Work to be completed —
Below this line are records; transcribe exactly the lines between the one holding "JONATHAN Y Loom" and the one holding "Collar para dama color dorado", inclusive, and omit the pictures.

*** Study material ***

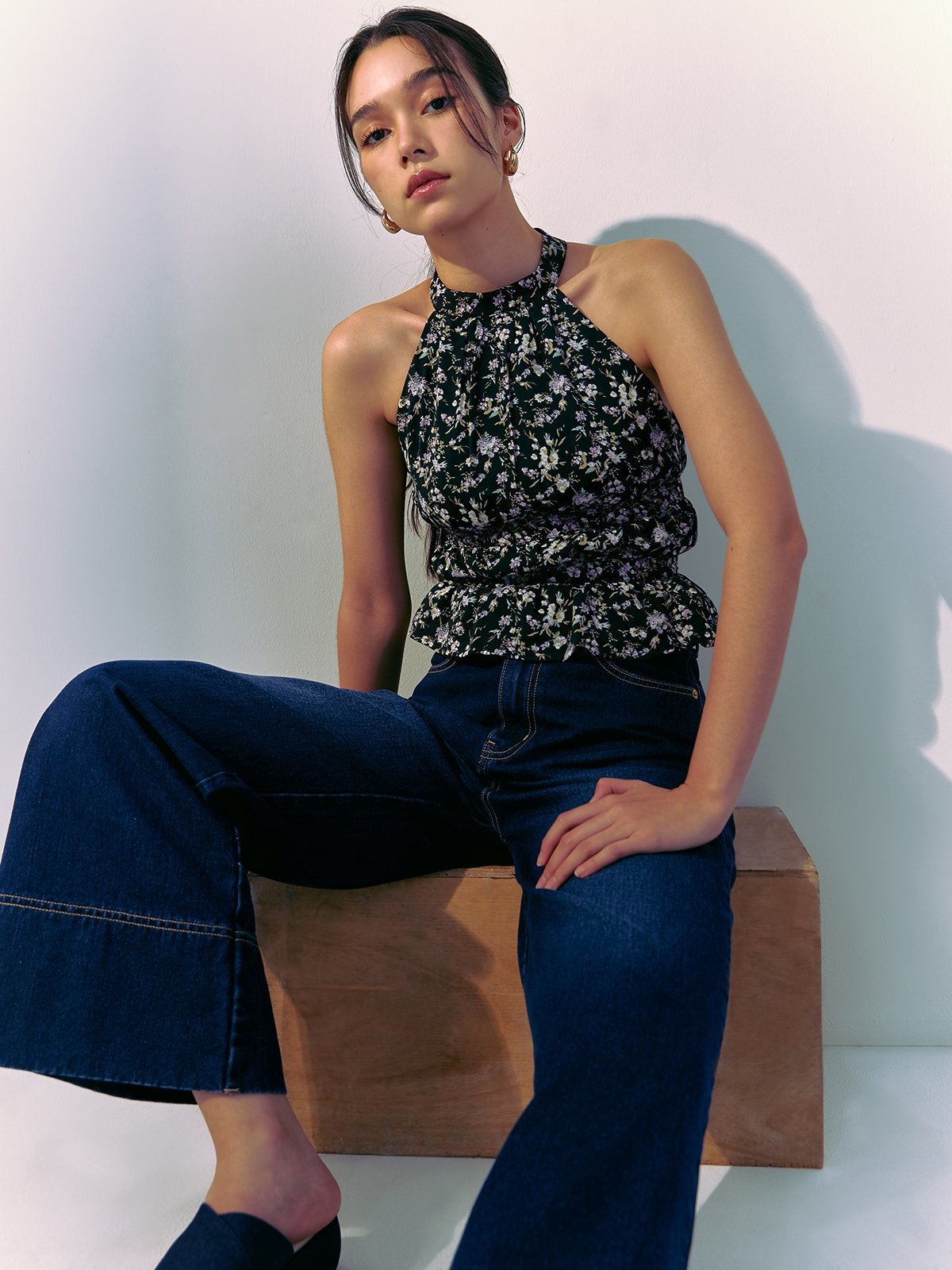 Black halter neck blouse discount
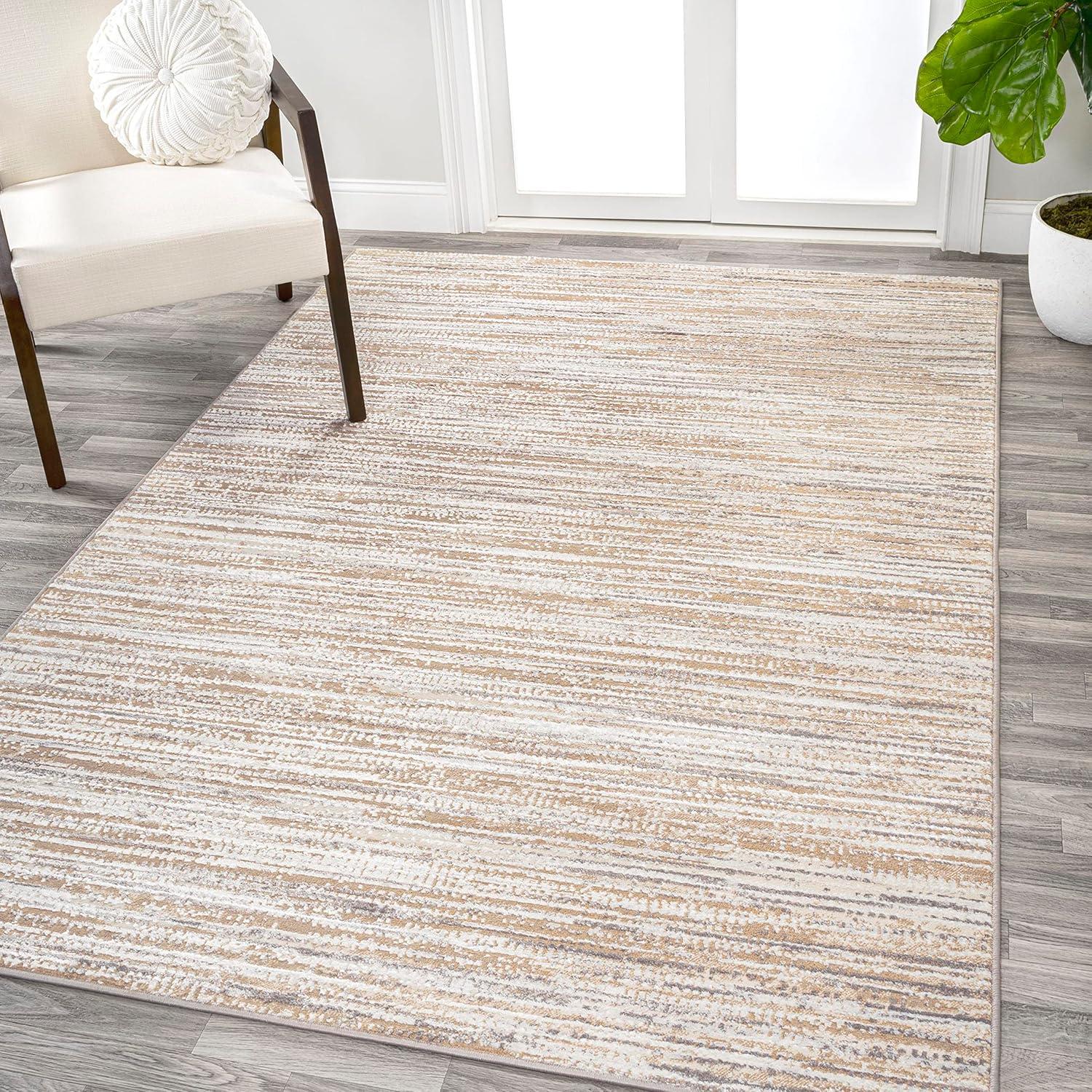 JONATHAN Y Loom Modern Strie'  Beige/Gray 3 ft. x 5 ft. Area Rug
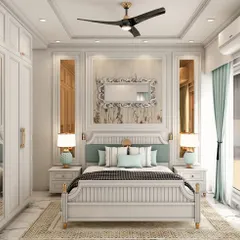 This traditional bedroom design features classic wall paneling, ornate mirrors, and a beautifully crafted bed frame, creating a timeless and elegant atmosphere.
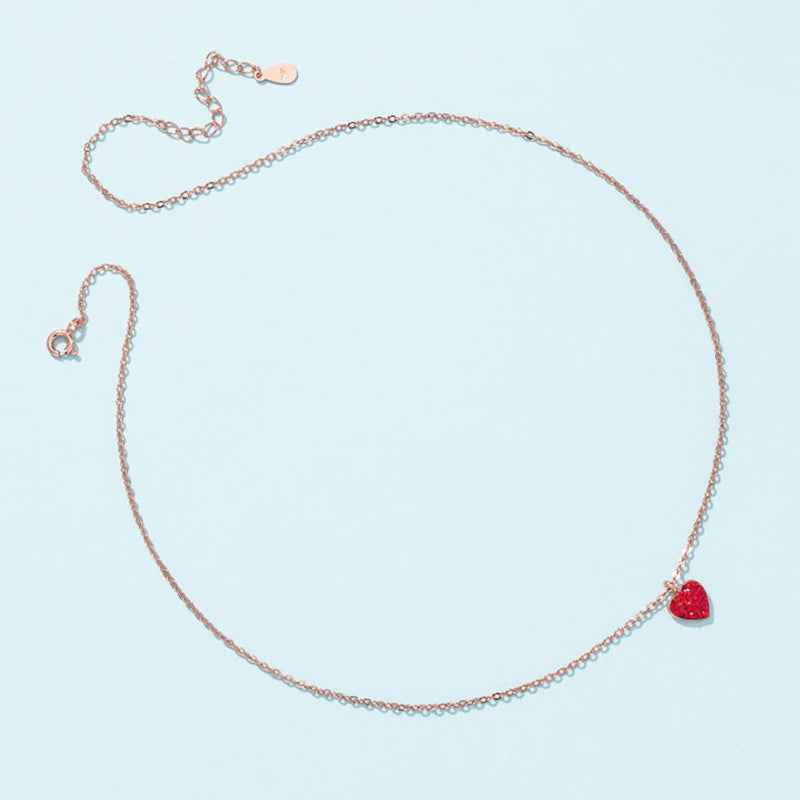 Sparkling Red Crystal Heart Pendant Necklace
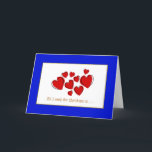Romantic Red Kärlek Hearts Blue Gräns jul Helgkort<br><div class="desc">Ett romantiskt blått kort som gränsar till julen med ett sjudande rött hjärta och med texten från guld: "Allt jag vill ha till jul är.." När den speciella öppnar det,  kommer de att hitta ord,  "Du!" inuti.</div>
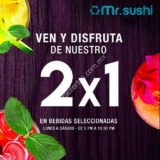 En Mr Sushi 2×1 en bebidas seleccionadas de 5:00 a 10:30 PM de lunes a sábado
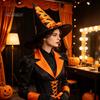 Classic Wizard Character Headwear Halloween Witch Hat, Reusable Oxford Cloth Pointed Stage Performance Costume Hat for Costume, Carnival, Masquerade,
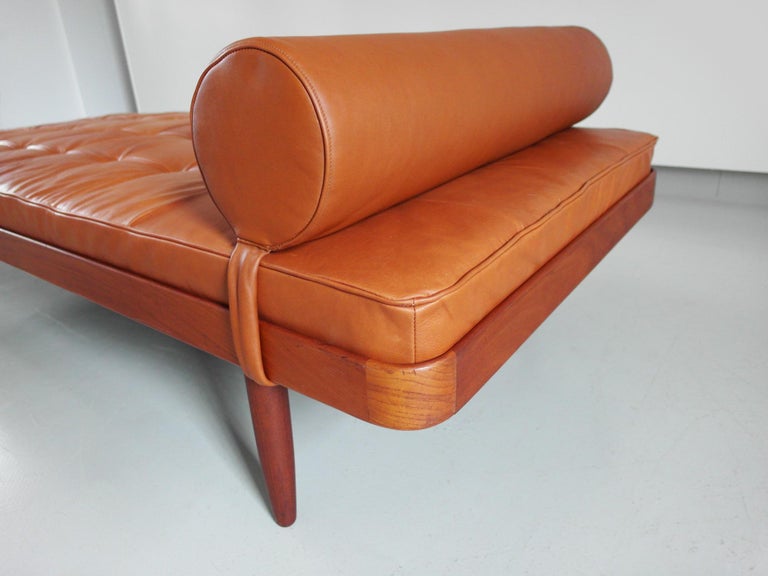 Solid Teak Danish Daybed with Cognac Aniline Leather Mattress, Denmark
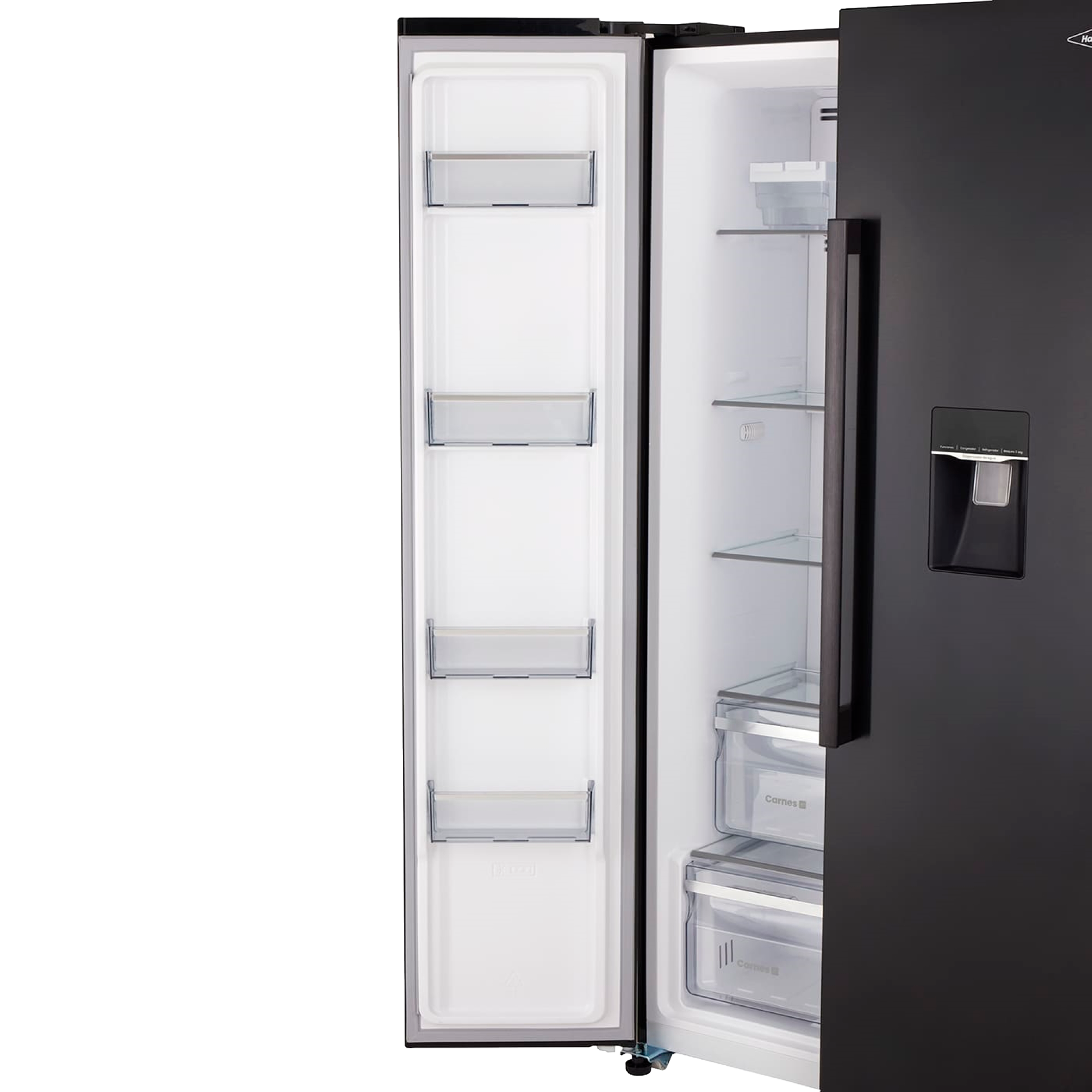 Nevecón HACEB Side by Side 529 Litros Sin Escarcha Manija Externa Panel Digital Inverter Negro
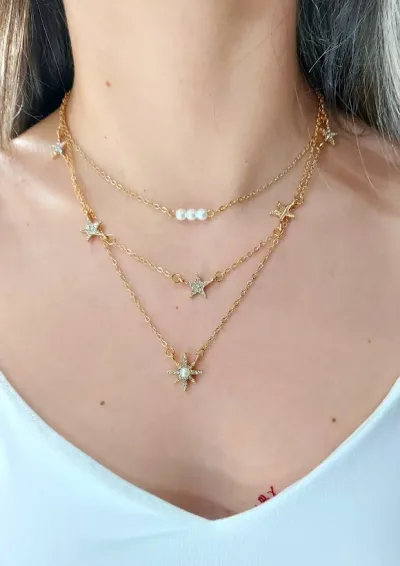 Collar para dama color dorado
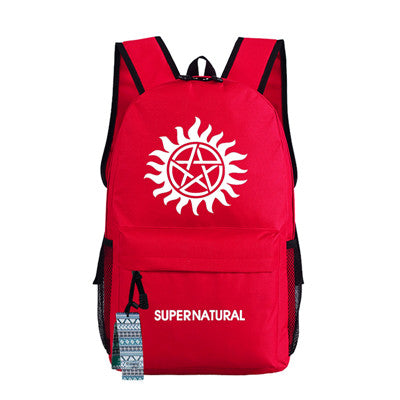 Men Women Unisex Supernatural Evil SPN Rucksack Backpack Bag School Shoulder Travel Book Bag  Gift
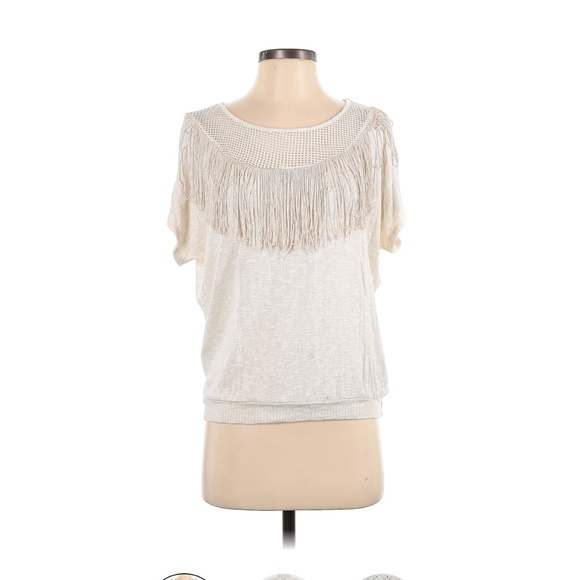 Ella Moss Ivory Fringe Top XS - Picture 1 of 3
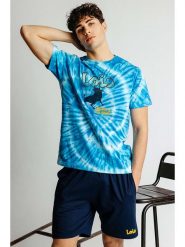 Admas Piżama w kolorze niebieskim rozmiar: M. Niebieskie piżamy męskie admas, m, bez wzorów, z bawełny, bez ramiączek. Za 135.49 zł.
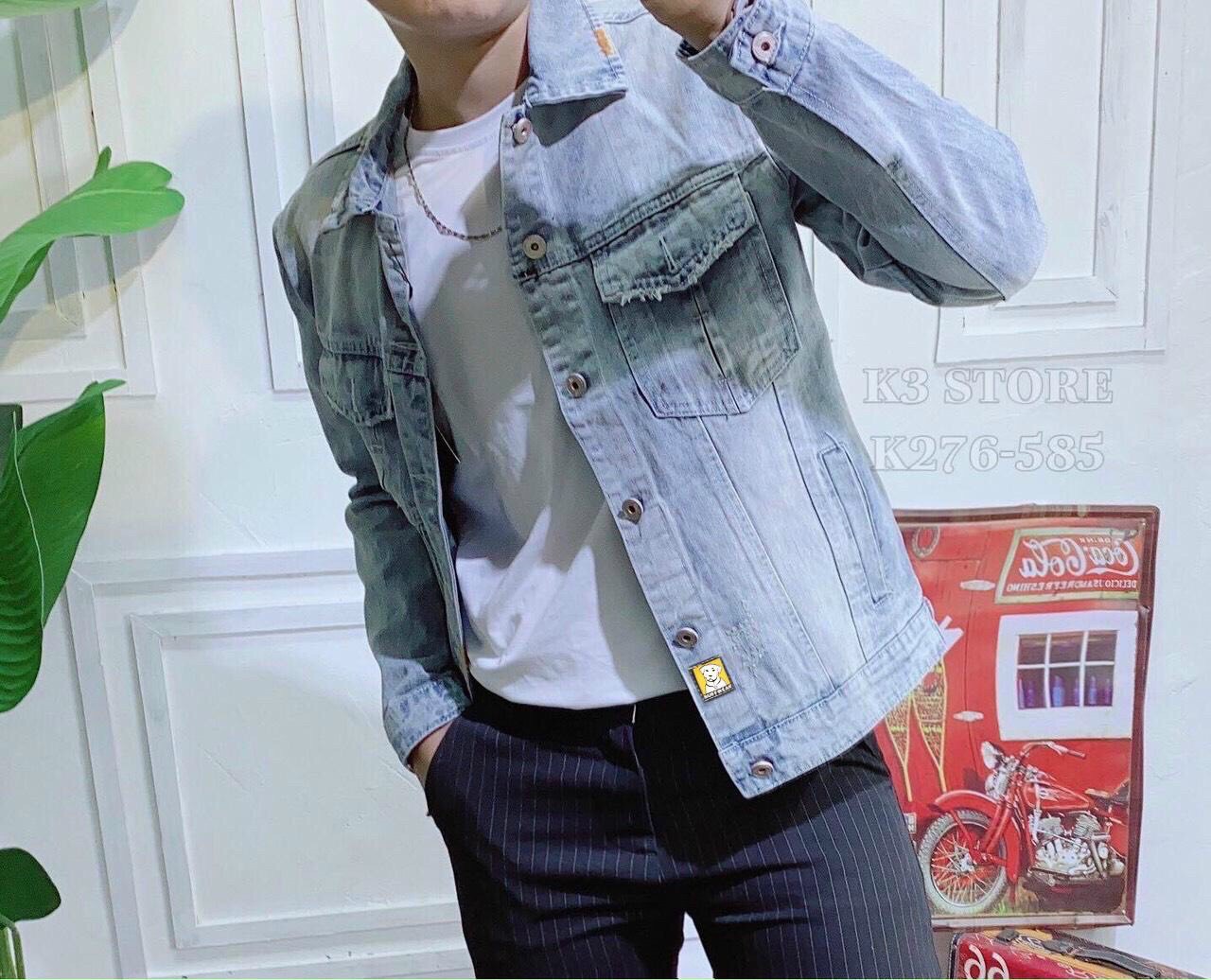 ÁO KHOÁC JEAN NAM MÀU XANH NHẠT CỰC ĐẸP, CHẤT DENIM DẦY DẶN ĐƯỜNG MAY TỈ MỈ, FORM CHUẨN HÀNG SHOP BG JN03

***

Answer to the problem —
 JONATHAN Y Loom Modern Strie'  Beige/Gray 3 ft. x 5 ft. Area Rug
 This traditional bedroom design features classic wall paneling, ornate mirrors, and a beautifully crafted bed frame, creating a timeless and elegant atmosphere.
 Sparkling Red Crystal Heart Pendant Necklace
Romantic Red Kärlek Hearts Blue Gräns jul Helgkort<br><div class="desc">Ett romantiskt blått kort som gränsar till julen med ett sjudande rött hjärta och med texten från guld: "Allt jag vill ha till jul är.." När den speciella öppnar det,  kommer de att hitta ord,  "Du!" inuti.</div>
 En Mr Sushi 2×1 en bebidas seleccionadas de 5:00 a 10:30 PM de lunes a sábado
 Classic Wizard Character Headwear Halloween Witch Hat, Reusable Oxford Cloth Pointed Stage Performance Costume Hat for Costume, Carnival, Masquerade,
 Solid Teak Danish Daybed with Cognac Aniline Leather Mattress, Denmark
 Nevecón HACEB Side by Side 529 Litros Sin Escarcha Manija Externa Panel Digital Inverter Negro
 Collar para dama color dorado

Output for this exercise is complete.